Below is a listing; restate from it, character for character, the lines beginning at the line holding "15904 E Cogan" and ending at the line holding "Man met wit", both included.

Available data:
::::
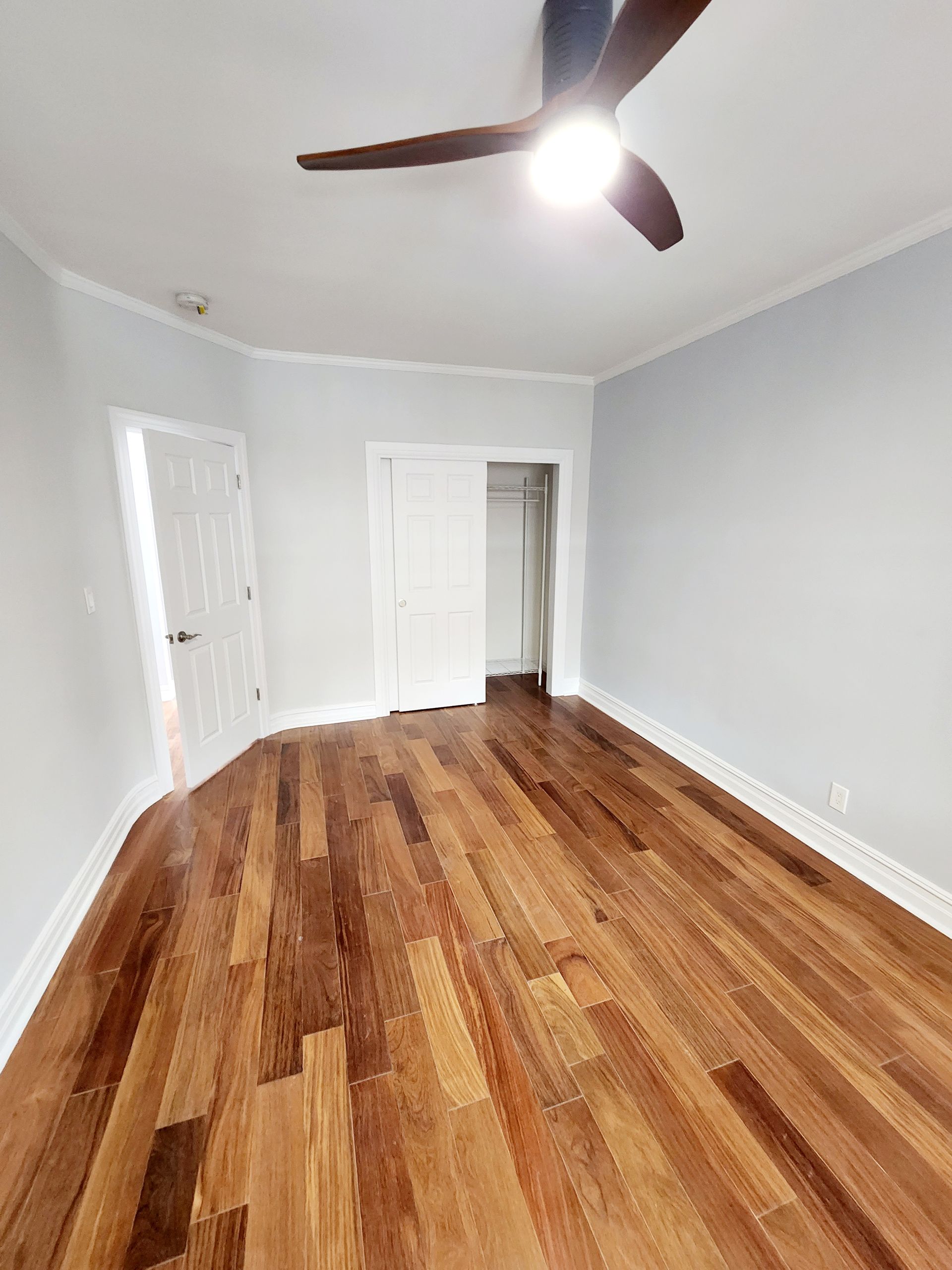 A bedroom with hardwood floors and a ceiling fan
::::
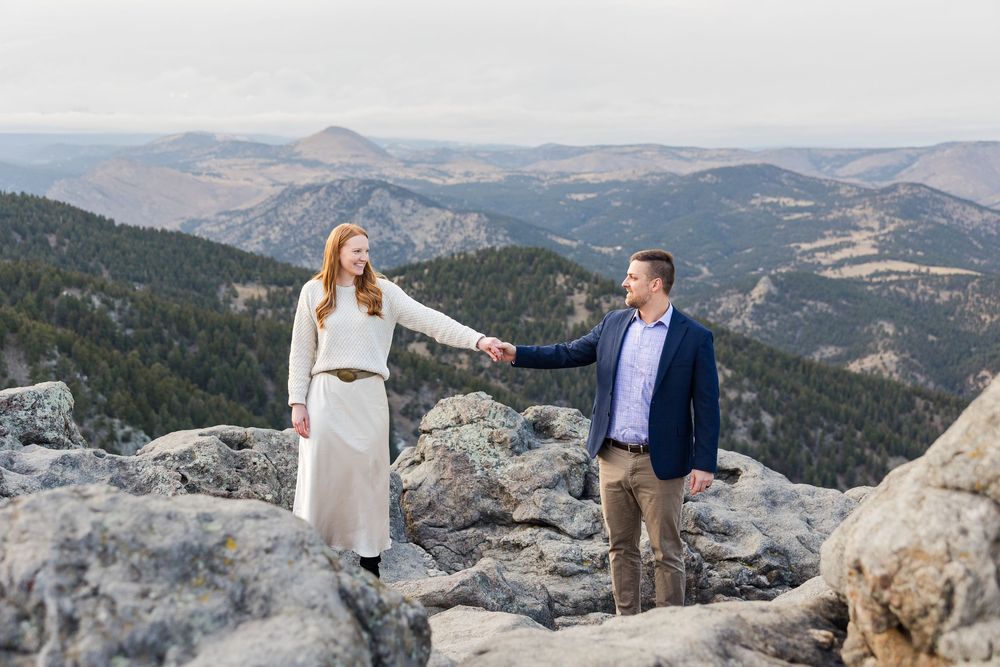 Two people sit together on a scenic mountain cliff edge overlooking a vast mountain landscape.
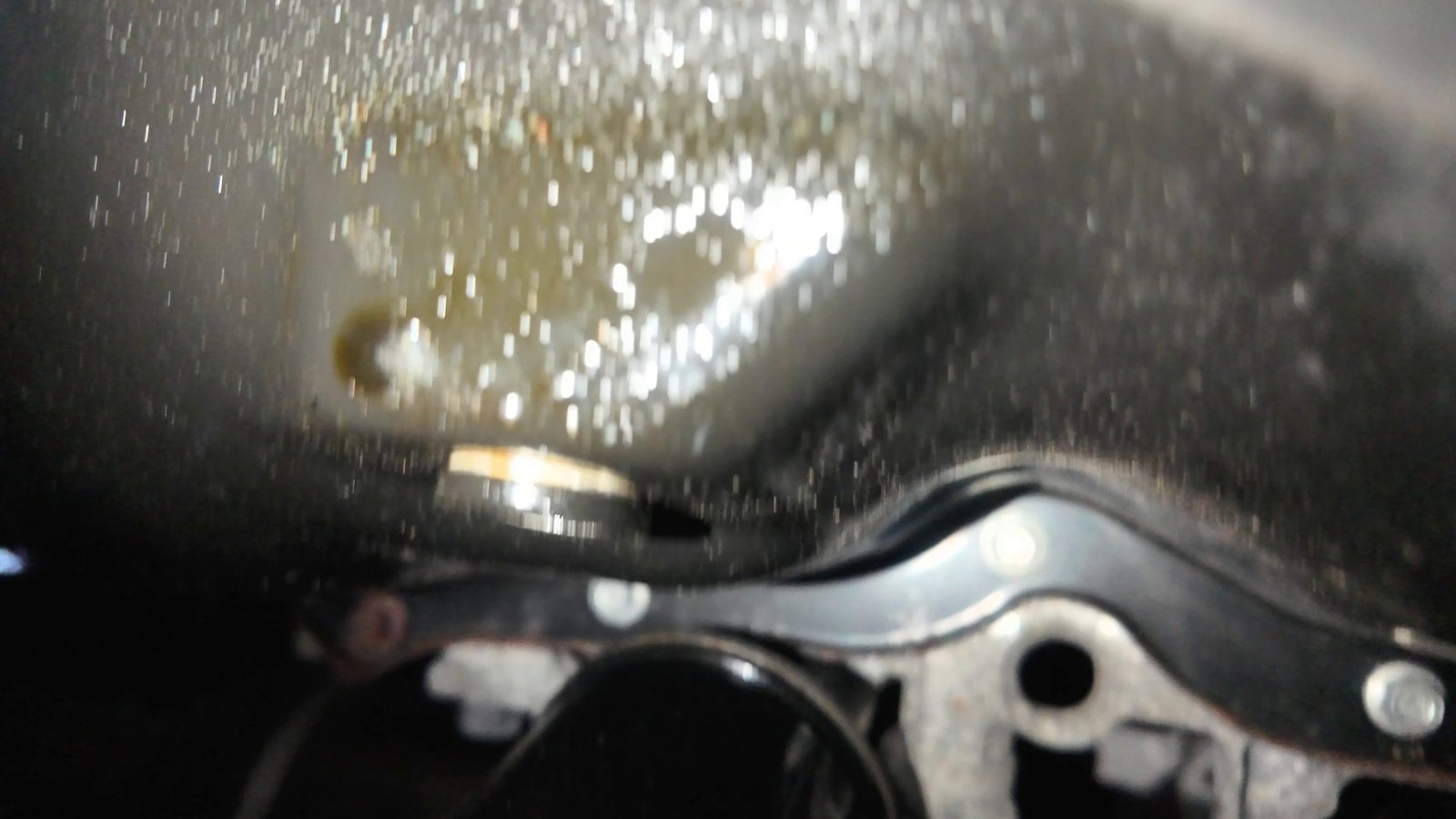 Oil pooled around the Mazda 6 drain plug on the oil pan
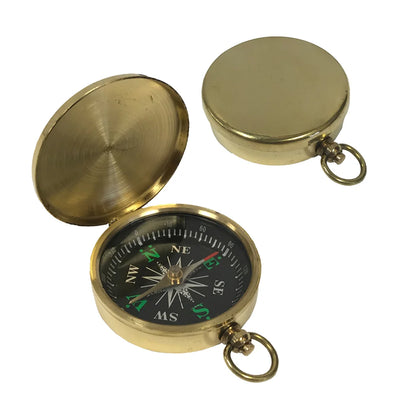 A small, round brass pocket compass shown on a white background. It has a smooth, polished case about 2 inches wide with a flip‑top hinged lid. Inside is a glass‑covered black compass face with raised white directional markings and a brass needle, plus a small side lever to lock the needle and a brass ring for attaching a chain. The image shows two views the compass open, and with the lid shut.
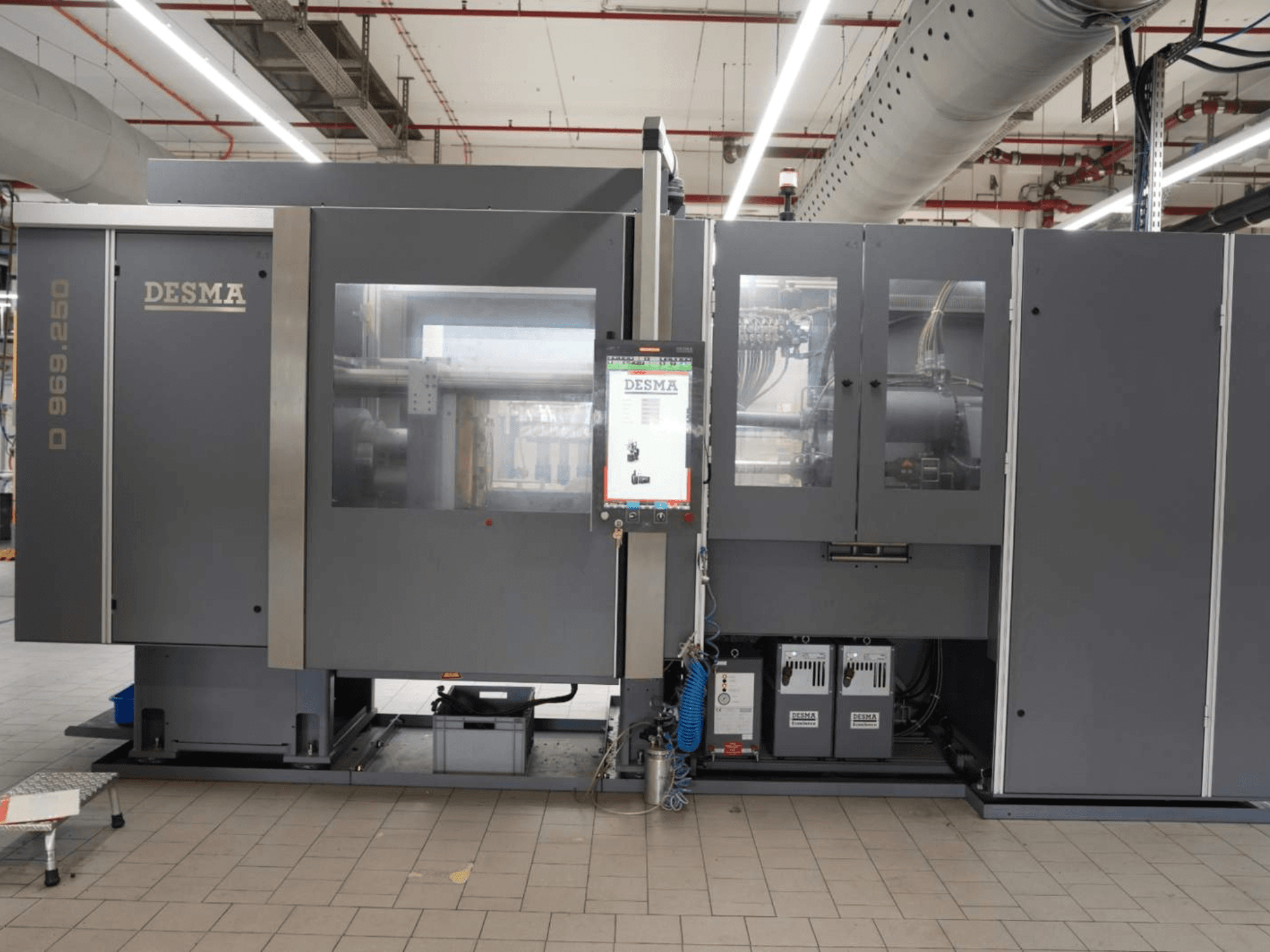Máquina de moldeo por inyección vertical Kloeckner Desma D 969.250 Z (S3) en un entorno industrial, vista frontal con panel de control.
::::
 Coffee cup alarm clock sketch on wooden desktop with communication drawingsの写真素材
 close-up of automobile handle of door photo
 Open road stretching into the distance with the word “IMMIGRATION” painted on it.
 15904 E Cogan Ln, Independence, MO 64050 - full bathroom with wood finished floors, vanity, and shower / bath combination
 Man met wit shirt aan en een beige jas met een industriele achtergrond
::::
Task answer:
 15904 E Cogan Ln, Independence, MO 64050 - full bathroom with wood finished floors, vanity, and shower / bath combination
 Man met wit shirt aan en een beige jas met een industriele achtergrond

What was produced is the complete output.